Mates’ Crates, a series headed up by our friend Andrei Sandu, dives into the tales behind records and digs deeper into our connections to music. This time, to Japan, with Kei Ishiguro's "Rain".
Label: Invitation | Year: 1982 | Discogs: Kei Ishiguro - Yokohama Ragtime
I can't remember where or when I first heard Kei Ishiguro's "Rain" (雨, pronounced "Ame"). I could spend the rest of this piece expressing my appreciation of the logographic Kanji alphabet - logographic because the characters are visual representations of words and concepts. But having finally come to terms with the fact that 雨 looks like rainfall, I'll move on.
I have lots of thoughts for this piece, but in a bid to appease Wordpress' readability algorithm (which frequently tells me that mine needs improvement), I'll attempt a concise summary. I love this album and I've wanted it for ages. Receiving it for Christmas was magical.
"Rain" sounds like the glass-half-full optimism I wish I had. Other highlights on the album include the painfully-short "Driving Crazy" and the potassium-infused "BANANA", which features on recent a Nippon Funk compilation alongside Masayoshi Takanaka, whose "Brazilian Skies" I wrote about last year.
I was disappointed by how little I could find about Ishiguro online. Whilst a thrillingly nostalgic reminder of how far the internet has come, her distinctly Windows XP website shed very little light.
On the other hand, I could write at length about Japanese city pop. In short, the economic boom of the late 1970s saw the emergence of new, Western-influenced music aimed at an emerging class of wealthy, city-dwelling listeners with Walkmans and cassette decks in their cars. Felix Thompson does a much better job of explaining this here.
Tracks like "Yokohama Honky Tonk Blues" are a Japanese vision of what the US is "supposed to" sound like. (Incidentally, Yellow Magic Orchestra's "Tighten Up" is essentially Japanese musicians performing an American vision of what Japan is "supposed to" sound like).
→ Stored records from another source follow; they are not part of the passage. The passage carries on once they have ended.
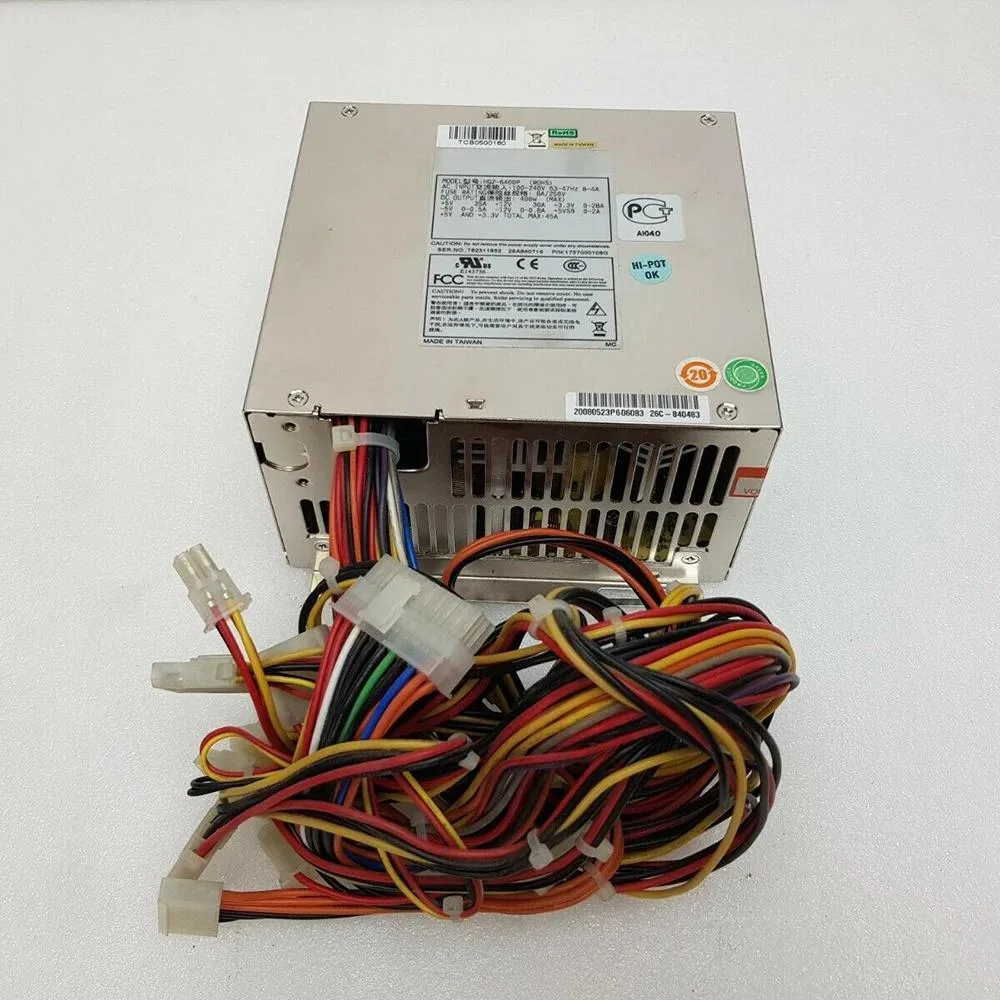 Rectangular ATX power supply unit, matte metal finish, 400W rating, model HG2-6400P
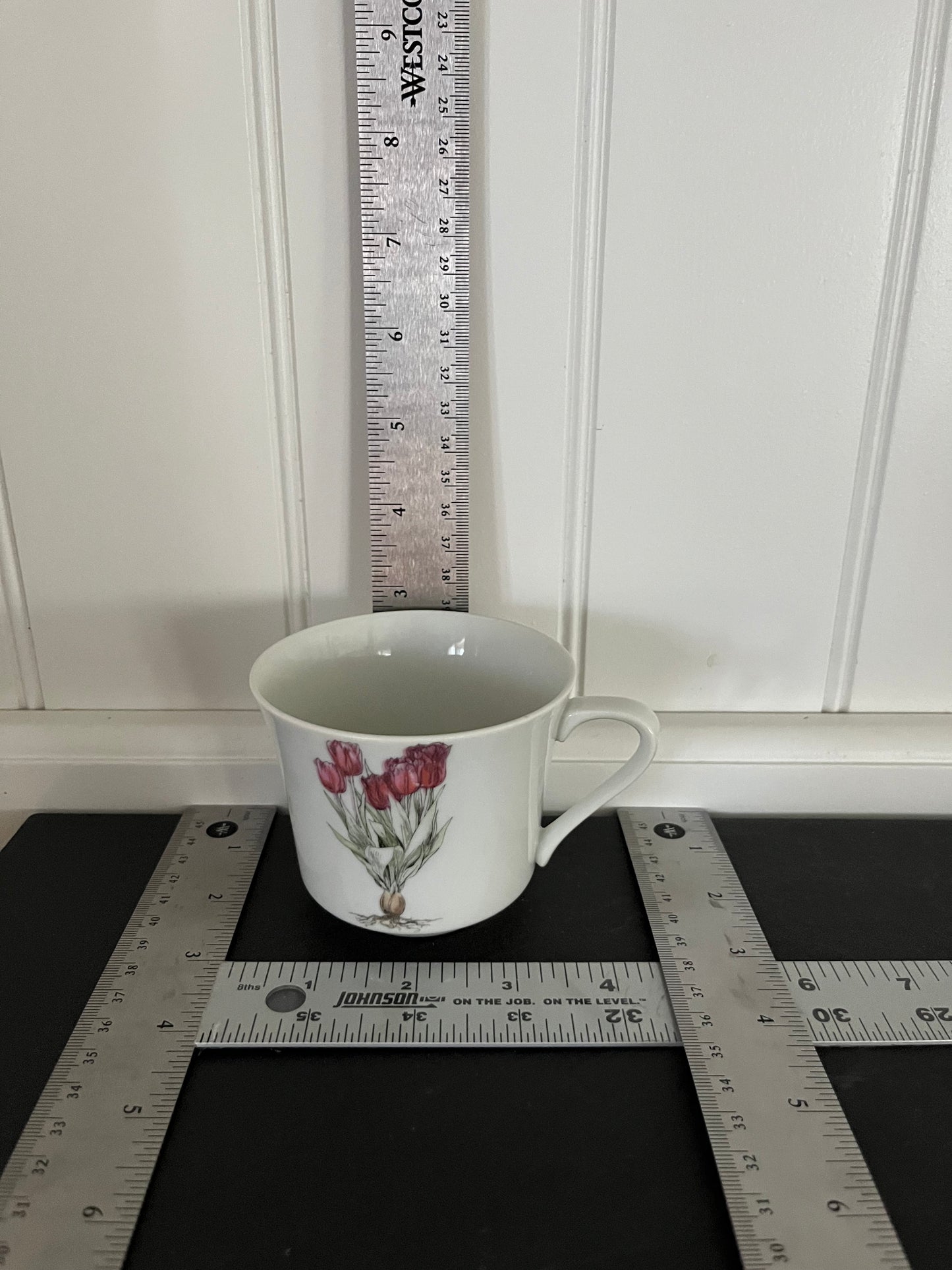 Vintage SEYMOUR MANN Orange Tulip Teacup & Saucer Set — Botanical Floral Porcelain Coffee Cups — Cottagecore Tea Party Decor — Set of 2 Cups & 2 Plates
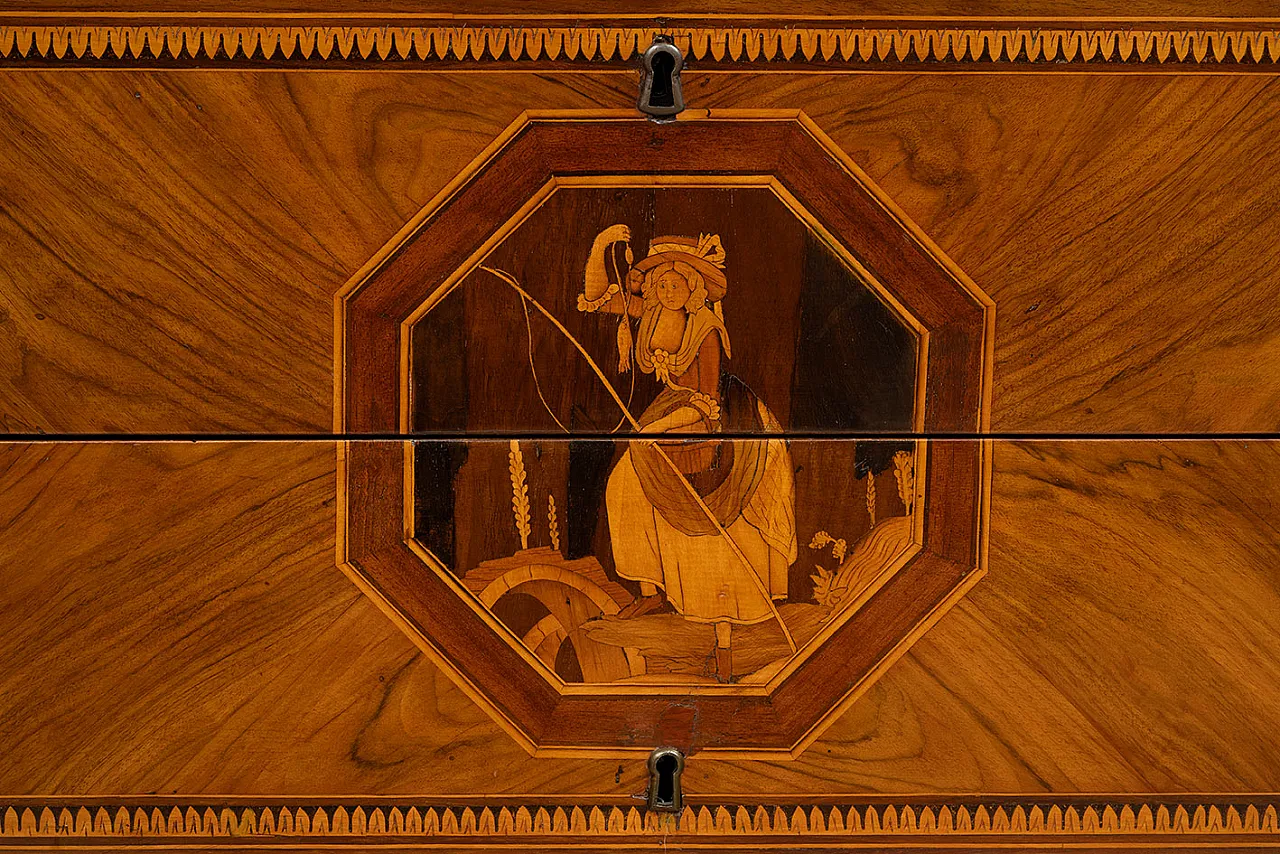 Chest of drawers Louis XVI in fine woods belonging, 18th century 2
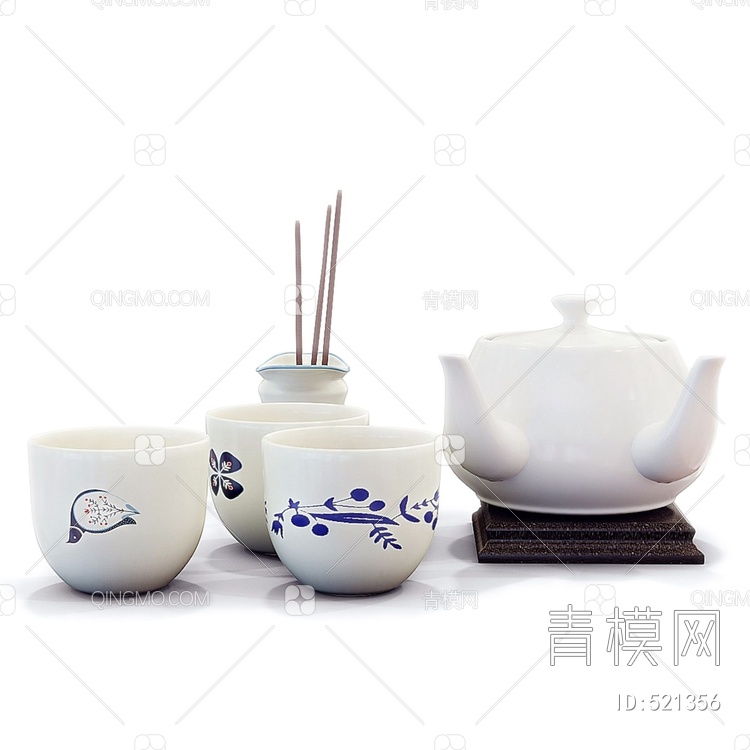 陶瓷茶具组合套装3D模型下载【ID:521356】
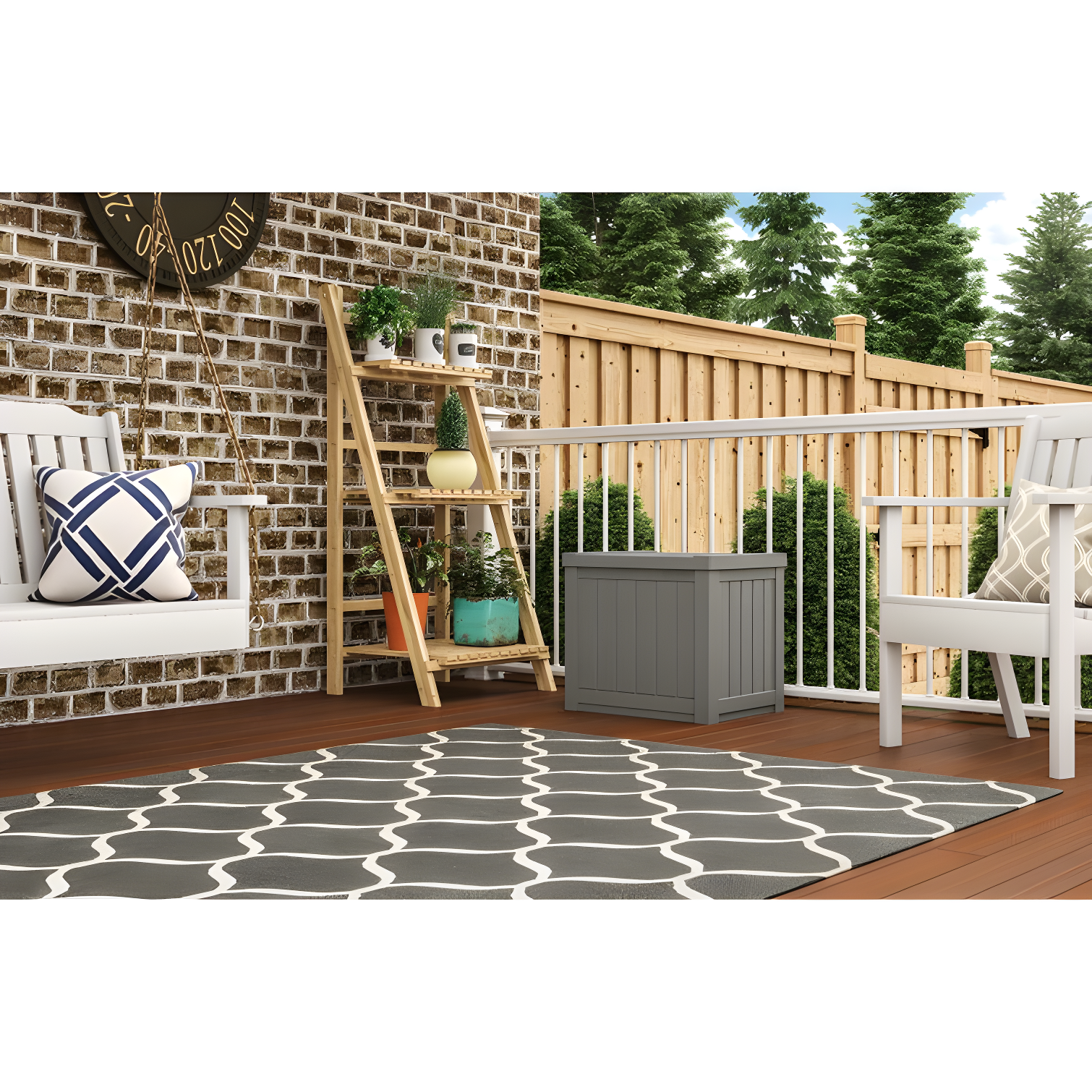 Suncast 22'' W 22 Gallons Water Resistant Resin Deck Box in Gray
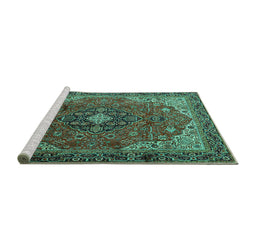 Sideview of Machine Washable Medallion Turquoise Traditional Area Rugs, wshtr2650turq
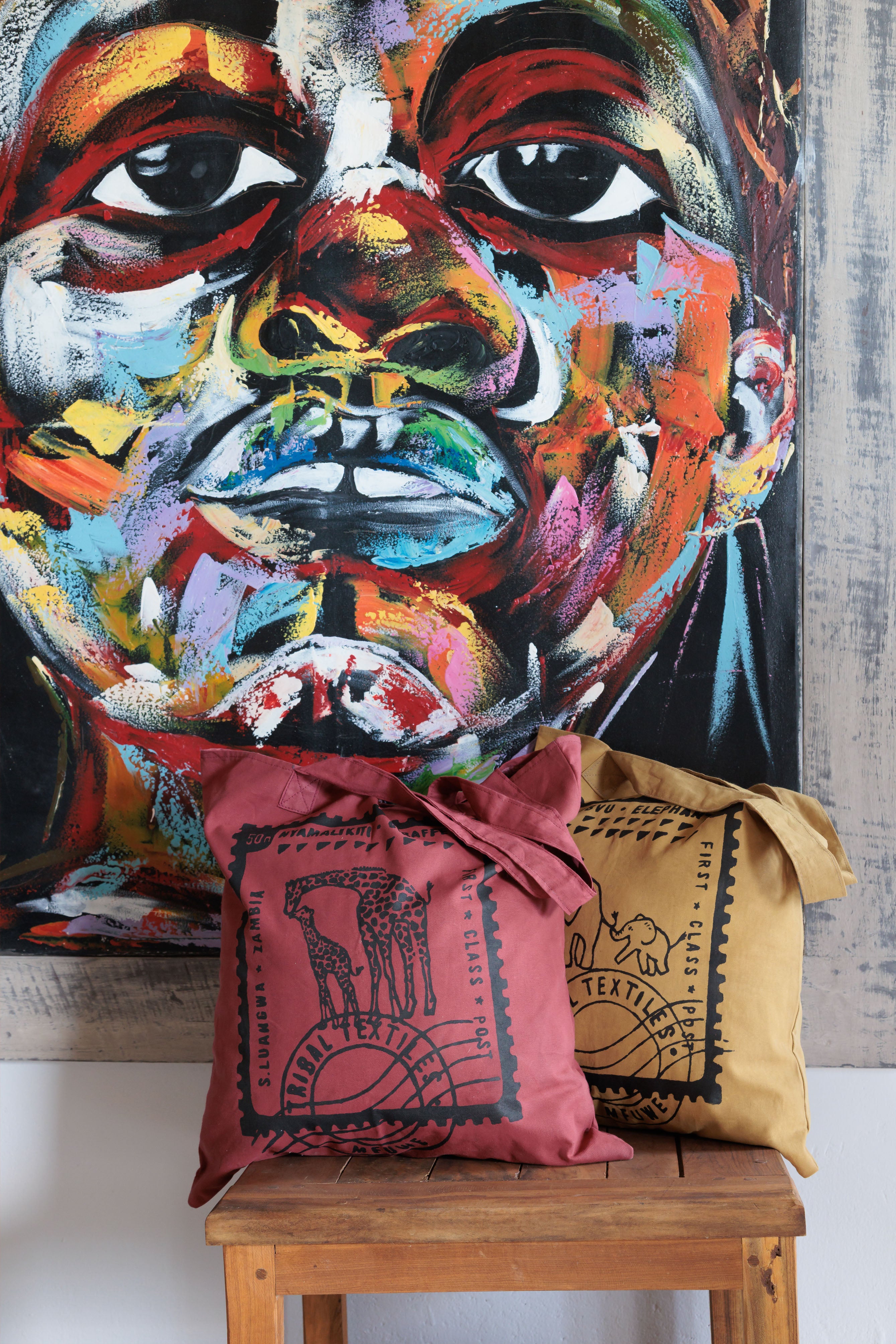 Stamp Collection - Elephant & Calf Tote Bag
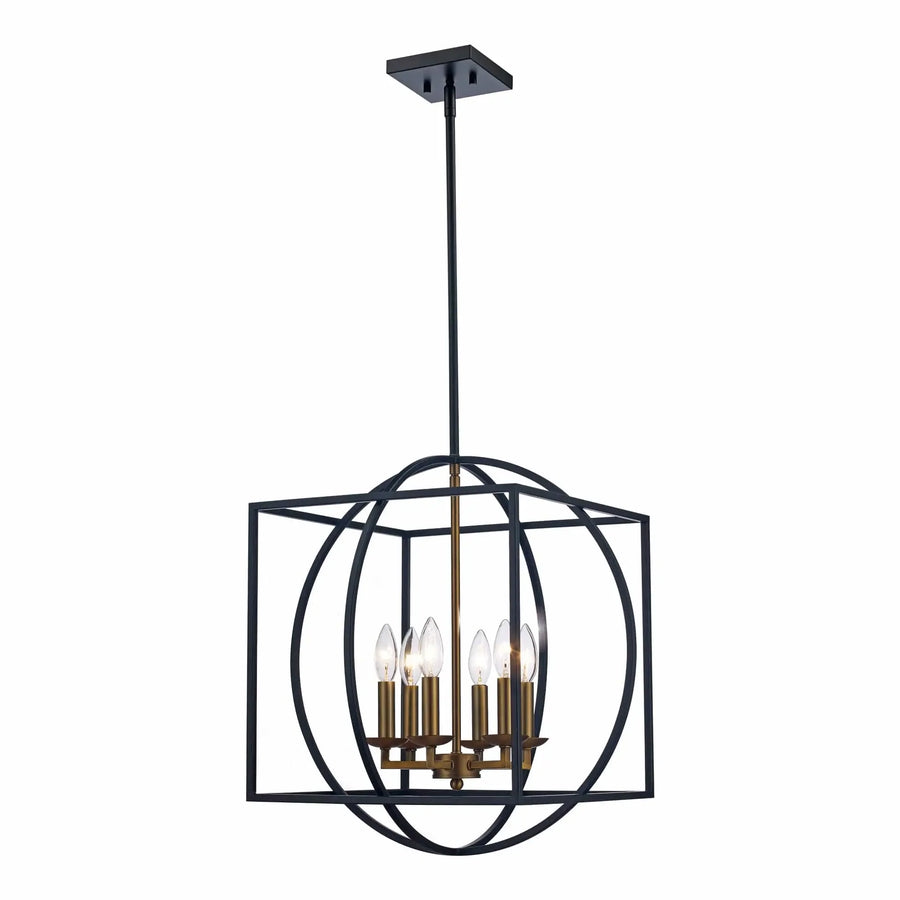 6 light cage chandelier with black and nickel geometric frame for modern dining room lighting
Regular readers / listeners will know I'm fascinated by cultural crossovers, so was immediately drawn to hearing distinctly African-American genres like Jazz and Funk performed in Japanese. Coupled with beautiful art which I can only describe - in a probably culturally unaware way - as feeling distinctly Japanese, albums like Yokohama Ragtime are simply wonderful.